▶ Task brief:
When the line with "Beige Interior Photo" appears below, start repeating lines exactly, and keep going through the line with "New Silver Steve"; add nothing outside that span.

Stored data
BEGIN

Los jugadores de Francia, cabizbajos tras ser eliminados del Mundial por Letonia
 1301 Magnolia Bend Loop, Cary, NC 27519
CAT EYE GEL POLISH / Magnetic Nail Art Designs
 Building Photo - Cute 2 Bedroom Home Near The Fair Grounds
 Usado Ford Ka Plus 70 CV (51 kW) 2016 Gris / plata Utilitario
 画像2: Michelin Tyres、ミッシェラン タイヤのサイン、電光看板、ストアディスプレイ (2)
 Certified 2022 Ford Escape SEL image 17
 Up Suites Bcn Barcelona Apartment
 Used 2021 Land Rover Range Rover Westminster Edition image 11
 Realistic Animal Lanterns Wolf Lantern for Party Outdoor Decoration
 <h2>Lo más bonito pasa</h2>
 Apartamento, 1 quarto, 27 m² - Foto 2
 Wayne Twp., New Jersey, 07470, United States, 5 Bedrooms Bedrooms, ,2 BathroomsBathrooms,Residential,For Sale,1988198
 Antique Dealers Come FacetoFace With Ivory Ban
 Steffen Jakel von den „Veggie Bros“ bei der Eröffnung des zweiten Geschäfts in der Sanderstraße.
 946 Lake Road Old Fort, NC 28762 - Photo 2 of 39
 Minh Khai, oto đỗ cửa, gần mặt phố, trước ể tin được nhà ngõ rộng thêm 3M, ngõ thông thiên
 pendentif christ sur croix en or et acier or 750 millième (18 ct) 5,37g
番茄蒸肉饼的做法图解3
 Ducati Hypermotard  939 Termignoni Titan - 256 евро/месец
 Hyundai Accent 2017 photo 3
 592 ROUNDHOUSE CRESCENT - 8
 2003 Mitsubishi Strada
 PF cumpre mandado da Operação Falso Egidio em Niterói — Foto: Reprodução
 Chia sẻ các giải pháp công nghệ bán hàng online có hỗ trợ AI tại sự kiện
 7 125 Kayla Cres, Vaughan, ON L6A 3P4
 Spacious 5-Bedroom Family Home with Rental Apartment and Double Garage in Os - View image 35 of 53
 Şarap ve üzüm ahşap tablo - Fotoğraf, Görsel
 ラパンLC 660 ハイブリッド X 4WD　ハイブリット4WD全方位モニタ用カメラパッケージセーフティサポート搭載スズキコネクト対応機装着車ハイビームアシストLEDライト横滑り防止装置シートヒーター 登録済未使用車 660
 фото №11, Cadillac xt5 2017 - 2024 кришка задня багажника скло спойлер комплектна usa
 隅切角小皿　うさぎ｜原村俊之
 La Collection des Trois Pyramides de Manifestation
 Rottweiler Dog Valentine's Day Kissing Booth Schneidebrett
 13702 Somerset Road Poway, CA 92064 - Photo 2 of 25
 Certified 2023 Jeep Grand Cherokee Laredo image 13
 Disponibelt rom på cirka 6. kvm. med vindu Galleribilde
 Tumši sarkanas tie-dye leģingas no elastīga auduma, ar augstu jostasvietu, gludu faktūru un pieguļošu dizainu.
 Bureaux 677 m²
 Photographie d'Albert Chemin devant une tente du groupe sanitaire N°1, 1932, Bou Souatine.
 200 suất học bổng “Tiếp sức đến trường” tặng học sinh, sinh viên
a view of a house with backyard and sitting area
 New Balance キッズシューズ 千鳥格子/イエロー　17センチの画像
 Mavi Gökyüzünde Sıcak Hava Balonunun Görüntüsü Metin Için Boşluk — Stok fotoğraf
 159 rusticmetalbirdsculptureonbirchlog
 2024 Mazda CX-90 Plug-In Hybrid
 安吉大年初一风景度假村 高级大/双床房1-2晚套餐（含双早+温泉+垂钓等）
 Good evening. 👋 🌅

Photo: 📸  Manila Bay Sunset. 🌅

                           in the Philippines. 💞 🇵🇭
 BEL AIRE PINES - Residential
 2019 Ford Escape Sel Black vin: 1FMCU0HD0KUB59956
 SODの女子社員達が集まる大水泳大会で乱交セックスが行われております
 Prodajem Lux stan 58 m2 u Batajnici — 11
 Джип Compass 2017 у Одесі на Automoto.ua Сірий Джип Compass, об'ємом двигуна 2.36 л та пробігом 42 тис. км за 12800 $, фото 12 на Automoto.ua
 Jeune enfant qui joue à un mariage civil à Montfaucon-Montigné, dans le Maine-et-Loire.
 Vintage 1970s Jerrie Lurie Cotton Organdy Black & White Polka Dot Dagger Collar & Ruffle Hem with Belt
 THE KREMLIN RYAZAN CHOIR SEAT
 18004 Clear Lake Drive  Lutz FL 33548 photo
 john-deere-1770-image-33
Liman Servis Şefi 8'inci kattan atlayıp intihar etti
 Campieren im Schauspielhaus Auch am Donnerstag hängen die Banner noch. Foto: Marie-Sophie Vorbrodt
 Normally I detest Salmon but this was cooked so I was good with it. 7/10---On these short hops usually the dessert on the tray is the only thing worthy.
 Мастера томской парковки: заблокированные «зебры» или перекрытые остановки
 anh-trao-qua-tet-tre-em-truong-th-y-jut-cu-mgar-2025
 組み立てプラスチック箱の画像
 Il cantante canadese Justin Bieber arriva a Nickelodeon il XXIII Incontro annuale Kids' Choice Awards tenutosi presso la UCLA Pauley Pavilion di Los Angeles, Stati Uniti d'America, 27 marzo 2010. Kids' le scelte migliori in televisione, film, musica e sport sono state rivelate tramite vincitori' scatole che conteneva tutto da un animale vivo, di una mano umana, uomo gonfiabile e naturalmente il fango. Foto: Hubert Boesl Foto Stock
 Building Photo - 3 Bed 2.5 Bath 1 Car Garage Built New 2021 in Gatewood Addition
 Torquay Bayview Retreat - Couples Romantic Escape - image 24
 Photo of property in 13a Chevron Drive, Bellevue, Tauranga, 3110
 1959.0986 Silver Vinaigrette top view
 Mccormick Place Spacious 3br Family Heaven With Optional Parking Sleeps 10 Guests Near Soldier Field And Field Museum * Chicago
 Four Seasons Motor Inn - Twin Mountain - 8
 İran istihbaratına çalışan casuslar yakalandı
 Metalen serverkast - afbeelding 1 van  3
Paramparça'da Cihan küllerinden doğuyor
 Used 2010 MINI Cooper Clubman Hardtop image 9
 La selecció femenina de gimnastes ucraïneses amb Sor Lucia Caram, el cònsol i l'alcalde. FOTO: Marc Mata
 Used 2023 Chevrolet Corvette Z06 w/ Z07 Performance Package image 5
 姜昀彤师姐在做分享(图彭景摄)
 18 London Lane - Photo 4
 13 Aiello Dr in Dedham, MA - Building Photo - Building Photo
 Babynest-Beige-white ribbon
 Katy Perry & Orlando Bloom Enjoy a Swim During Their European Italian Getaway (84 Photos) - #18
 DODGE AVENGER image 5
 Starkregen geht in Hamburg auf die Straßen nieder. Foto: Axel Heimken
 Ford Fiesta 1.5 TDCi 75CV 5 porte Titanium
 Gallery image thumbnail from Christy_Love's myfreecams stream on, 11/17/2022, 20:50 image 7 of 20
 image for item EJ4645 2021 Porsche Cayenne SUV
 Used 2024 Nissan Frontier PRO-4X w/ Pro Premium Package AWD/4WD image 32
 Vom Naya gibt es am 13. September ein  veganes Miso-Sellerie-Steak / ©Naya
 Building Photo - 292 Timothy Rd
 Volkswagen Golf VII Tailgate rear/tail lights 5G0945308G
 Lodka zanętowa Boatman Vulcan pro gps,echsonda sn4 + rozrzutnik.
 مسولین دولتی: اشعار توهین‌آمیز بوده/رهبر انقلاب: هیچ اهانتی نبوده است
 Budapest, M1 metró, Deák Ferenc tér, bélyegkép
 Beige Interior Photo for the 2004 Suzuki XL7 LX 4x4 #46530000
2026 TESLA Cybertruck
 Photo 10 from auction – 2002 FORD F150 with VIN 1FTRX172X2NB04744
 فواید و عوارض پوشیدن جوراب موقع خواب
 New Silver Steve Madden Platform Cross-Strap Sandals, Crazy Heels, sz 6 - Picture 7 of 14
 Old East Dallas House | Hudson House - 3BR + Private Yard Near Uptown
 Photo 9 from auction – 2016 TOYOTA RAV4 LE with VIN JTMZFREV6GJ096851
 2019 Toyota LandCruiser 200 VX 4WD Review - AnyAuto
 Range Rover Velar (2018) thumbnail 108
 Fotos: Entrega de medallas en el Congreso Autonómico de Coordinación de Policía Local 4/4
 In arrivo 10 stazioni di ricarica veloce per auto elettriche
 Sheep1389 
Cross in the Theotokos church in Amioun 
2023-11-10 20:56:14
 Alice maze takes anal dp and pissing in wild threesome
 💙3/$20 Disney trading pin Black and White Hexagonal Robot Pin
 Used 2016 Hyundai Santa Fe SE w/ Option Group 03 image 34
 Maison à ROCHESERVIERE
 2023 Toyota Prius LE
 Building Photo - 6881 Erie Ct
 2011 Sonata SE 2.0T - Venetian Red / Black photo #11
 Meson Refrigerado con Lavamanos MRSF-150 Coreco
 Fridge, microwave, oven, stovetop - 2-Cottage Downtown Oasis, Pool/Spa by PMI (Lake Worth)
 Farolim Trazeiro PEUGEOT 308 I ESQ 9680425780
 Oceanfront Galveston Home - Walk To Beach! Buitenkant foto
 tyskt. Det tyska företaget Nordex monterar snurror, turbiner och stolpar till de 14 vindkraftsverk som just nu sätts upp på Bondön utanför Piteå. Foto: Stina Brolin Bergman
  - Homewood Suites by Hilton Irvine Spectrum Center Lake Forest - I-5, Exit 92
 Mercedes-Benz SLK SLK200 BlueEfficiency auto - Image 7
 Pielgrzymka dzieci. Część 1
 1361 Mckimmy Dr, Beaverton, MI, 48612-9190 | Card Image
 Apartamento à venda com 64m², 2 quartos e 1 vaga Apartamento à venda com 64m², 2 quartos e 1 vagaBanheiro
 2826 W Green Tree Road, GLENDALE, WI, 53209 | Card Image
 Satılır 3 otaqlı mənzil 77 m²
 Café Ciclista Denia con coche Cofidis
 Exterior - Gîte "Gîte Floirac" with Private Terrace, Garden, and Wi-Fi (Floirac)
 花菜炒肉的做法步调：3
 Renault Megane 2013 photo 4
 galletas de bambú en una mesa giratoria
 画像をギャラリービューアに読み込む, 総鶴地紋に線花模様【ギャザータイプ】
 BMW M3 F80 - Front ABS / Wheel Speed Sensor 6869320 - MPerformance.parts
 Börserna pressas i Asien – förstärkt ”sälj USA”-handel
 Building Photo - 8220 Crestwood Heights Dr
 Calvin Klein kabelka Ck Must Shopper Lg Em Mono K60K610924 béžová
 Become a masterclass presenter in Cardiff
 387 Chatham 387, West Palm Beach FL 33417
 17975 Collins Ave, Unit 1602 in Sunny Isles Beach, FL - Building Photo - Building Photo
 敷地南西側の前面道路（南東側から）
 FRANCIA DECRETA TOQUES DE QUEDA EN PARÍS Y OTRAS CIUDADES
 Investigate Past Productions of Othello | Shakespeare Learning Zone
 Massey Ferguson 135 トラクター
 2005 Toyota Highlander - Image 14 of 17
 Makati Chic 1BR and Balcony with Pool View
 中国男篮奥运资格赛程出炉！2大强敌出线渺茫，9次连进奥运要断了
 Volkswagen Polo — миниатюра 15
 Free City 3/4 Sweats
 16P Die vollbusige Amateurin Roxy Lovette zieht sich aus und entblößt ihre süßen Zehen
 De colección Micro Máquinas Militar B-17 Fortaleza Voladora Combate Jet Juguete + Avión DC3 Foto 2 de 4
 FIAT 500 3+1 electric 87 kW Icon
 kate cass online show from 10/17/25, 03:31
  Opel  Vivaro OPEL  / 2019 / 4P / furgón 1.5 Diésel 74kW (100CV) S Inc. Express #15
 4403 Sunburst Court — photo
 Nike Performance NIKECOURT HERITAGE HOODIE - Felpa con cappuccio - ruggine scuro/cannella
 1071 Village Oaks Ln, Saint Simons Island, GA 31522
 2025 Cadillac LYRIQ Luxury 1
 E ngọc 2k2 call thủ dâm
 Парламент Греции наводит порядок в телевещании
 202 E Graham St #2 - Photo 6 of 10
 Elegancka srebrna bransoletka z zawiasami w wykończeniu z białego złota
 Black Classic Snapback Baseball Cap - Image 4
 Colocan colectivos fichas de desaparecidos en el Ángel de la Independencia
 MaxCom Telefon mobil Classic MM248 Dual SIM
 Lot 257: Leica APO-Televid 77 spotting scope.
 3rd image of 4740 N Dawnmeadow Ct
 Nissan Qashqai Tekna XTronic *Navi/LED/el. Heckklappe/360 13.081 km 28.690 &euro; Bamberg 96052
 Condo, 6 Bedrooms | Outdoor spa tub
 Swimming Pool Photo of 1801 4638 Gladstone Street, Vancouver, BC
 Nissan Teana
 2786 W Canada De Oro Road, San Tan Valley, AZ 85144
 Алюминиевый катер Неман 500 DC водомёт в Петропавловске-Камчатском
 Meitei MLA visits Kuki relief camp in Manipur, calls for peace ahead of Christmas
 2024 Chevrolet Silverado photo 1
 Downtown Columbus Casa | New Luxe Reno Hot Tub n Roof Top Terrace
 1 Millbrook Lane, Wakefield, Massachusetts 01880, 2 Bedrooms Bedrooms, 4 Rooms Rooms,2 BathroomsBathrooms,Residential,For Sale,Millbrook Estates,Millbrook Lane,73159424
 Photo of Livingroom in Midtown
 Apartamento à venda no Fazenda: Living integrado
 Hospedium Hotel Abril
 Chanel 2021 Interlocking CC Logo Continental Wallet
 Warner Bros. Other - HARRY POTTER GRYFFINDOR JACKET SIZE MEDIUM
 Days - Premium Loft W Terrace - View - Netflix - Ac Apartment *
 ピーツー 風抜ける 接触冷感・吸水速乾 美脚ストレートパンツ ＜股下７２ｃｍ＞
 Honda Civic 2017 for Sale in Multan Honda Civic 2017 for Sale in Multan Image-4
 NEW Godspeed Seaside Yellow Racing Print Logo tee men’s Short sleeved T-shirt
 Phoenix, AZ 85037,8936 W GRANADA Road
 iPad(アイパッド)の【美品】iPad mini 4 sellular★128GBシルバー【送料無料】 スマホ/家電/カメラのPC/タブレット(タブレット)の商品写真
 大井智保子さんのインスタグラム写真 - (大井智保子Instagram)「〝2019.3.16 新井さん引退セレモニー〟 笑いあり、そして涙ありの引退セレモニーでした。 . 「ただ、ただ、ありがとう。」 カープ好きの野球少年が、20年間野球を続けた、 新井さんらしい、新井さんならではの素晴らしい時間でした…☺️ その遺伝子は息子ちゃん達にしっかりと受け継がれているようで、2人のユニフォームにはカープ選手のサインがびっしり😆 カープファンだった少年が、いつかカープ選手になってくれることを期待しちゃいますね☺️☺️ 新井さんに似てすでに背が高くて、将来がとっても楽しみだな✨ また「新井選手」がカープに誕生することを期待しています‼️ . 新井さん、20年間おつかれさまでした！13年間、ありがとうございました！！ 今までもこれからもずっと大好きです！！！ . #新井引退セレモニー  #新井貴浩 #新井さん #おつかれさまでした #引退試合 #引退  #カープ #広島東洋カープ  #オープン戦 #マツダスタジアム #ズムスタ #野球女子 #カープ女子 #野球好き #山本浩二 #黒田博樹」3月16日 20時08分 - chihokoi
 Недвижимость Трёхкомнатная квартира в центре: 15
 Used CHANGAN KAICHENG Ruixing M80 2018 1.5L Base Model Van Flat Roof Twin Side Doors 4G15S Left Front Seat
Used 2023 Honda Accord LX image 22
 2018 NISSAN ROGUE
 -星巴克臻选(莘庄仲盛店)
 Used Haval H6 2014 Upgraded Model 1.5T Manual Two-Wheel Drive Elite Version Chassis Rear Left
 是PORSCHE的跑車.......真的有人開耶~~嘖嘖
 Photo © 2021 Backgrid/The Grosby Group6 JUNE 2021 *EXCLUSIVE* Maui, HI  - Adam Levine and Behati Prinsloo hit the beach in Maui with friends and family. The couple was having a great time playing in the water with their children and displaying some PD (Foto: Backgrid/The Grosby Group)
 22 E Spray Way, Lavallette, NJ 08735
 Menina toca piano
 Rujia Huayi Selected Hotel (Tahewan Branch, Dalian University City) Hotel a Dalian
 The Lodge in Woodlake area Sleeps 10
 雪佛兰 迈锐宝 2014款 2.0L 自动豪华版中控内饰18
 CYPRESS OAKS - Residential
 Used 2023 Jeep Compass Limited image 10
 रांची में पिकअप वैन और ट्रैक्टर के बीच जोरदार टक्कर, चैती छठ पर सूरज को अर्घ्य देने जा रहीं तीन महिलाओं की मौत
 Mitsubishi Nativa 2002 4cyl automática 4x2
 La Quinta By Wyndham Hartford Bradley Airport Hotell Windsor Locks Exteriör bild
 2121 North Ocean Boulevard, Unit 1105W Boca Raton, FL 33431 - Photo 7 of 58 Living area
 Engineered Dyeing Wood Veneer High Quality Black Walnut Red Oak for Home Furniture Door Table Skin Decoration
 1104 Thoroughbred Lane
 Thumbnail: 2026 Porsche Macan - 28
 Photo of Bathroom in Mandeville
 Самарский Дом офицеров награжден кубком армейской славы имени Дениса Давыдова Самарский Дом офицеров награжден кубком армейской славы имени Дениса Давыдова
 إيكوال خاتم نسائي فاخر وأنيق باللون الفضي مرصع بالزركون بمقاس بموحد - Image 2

END

▶ Result of this exercise:
 Beige Interior Photo for the 2004 Suzuki XL7 LX 4x4 #46530000
2026 TESLA Cybertruck
 Photo 10 from auction – 2002 FORD F150 with VIN 1FTRX172X2NB04744
 فواید و عوارض پوشیدن جوراب موقع خواب
 New Silver Steve Madden Platform Cross-Strap Sandals, Crazy Heels, sz 6 - Picture 7 of 14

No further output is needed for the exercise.